_PROBLEM REQUIREMENTS_
Please repeat word for word the line containing "Naklejka na ściany" and every following line up to and including the last one below, pictures excluded.

_SUPPLIED INFORMATION_
_ _ _ _
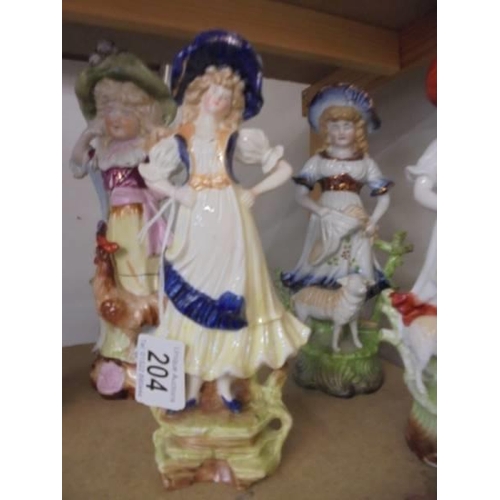 204 - Six 19th century ceramic figures including two pairs.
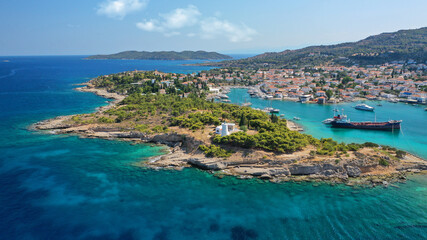Naklejka na ściany i meble Aerial drone bird's eye view photo of picturesque neoclassic houses in historic and traditional island of Spetses with emerald clear waters, Saronic Gulf, Greece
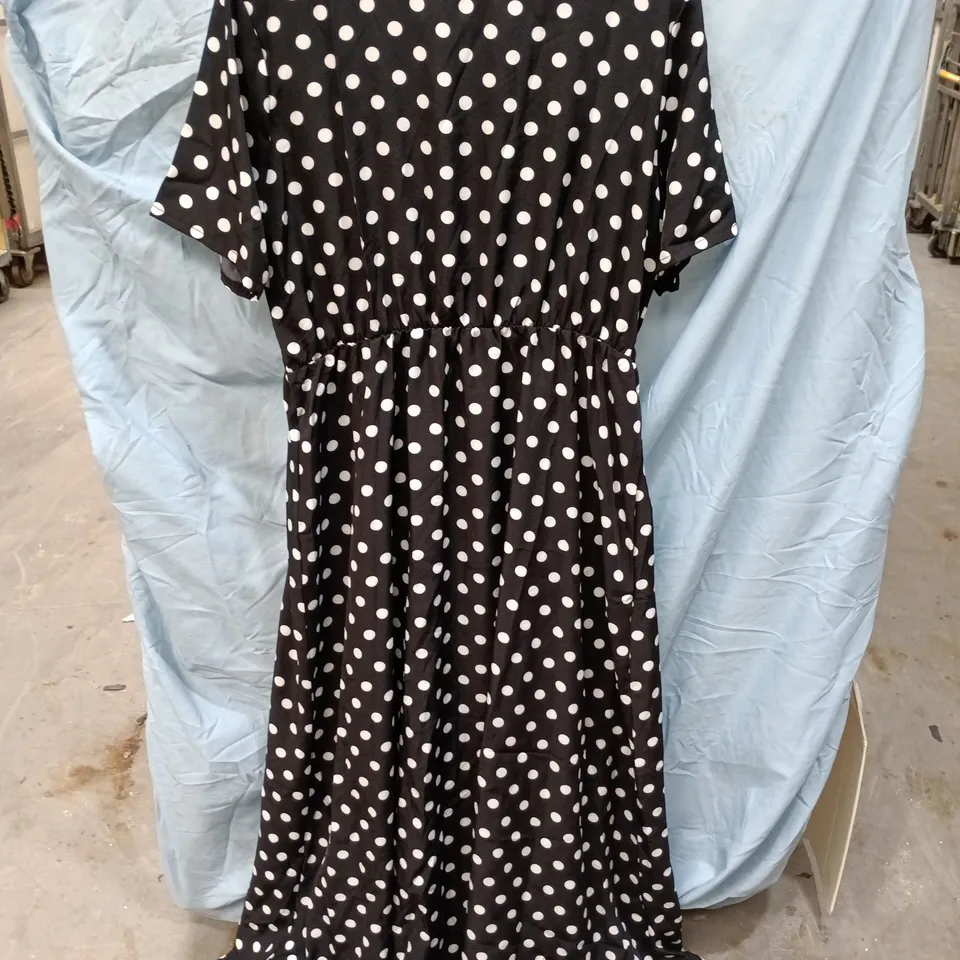 WOMEN'S BLACK & WHITE POLKA DOT MAXI DRESS WITH MATCHING BELT.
_ _ _ _
_ANSWER TO THIS PROBLEM_
Naklejka na ściany i meble Aerial drone bird's eye view photo of picturesque neoclassic houses in historic and traditional island of Spetses with emerald clear waters, Saronic Gulf, Greece
 WOMEN'S BLACK & WHITE POLKA DOT MAXI DRESS WITH MATCHING BELT.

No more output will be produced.